Afijn, een hoop gedraai van Veronica, maar geen enkel rechtstreekse vraag om weg te gaan uit de Hab. Ik wist natuurlijk best dat ze dit gesprek met mij had, met Stacy erbij ook nog, omdat ze dat wilde. Ik ben wel blond, maar niet op die manier. Ik wachtte en wachtte daarop, maar het kwam er niet uit. Na zo’n 15 minuten heb ik toen maar gevraagd of ze misschien bedoelde dat we weg moesten gaan? Nou, zo moest ik dat niet zien, het was beter voor de kinderen zo. We zouden in Hanksville in het motel van Don gaan verblijven en dan overdag toch terug komen om erbij te zijn.

Als u die redeneringen snapt, dan hoop ik dat u het me snel, per e-mail, wilt uitleggen. Want dan zijn wij volgens mij alleen maar tijdens het slapen niet aanwezig. Lijkt me verder niet zo zinvol voor die kinderen en de spanningen die zij meent te voelen. Voor mij is eruit eruit.

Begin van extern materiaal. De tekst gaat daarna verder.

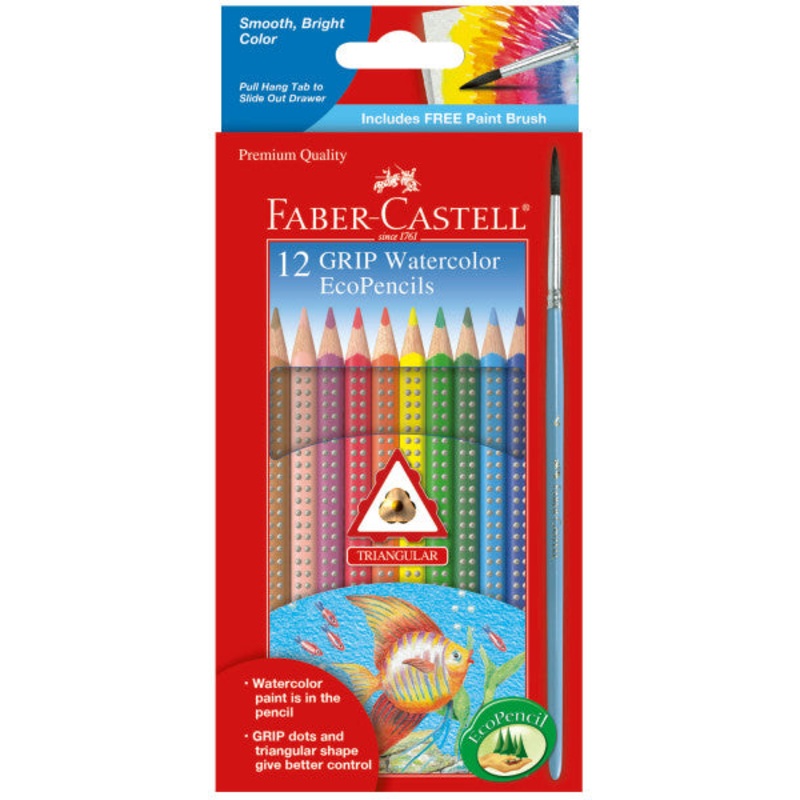 Grip Waterolor EcoPencils (pack of 12)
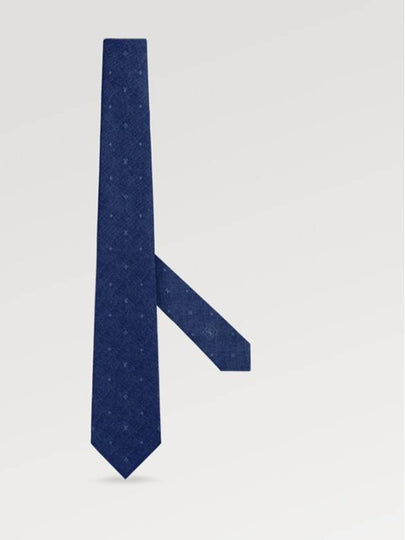 Constellation Denim Tie Navy - LOUIS VUITTON - BALAAN 2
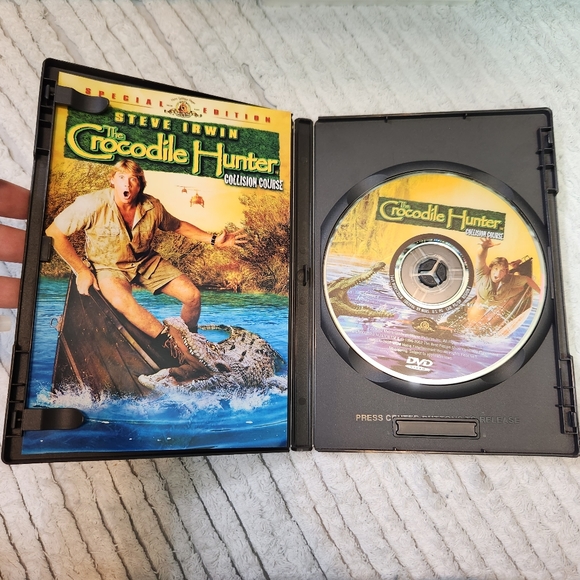 🎬3/15 The Crocodile Hunter Collision Course DVD - Picture 2 of 4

Dit klinkt als een beetje zwanger.

Bovendien of ons vertrek nu echt beter is voor Iahu-Anat, die hier speciaal naartoe was gekomen om onderdeel van een bemanning te zijn, waag ik te betwijfelen.
Ik zou een hoop redenen kunnen bedenken waarom Veronica ons ‘s nachts niet op de Hab zou willen hebben. Het feit dat wij op een normale tijd willen gaan slapen en op willen staan om goed gebruik te maken van de tijd die wij op de Hab hebben overdag is er maar een van. Die geef ik jullie, want die hadden jullie zelf kunnen distelleren uit de blog van Iahu-Anat. De rest hoort Veronica nog wel van mij rechtstreeks.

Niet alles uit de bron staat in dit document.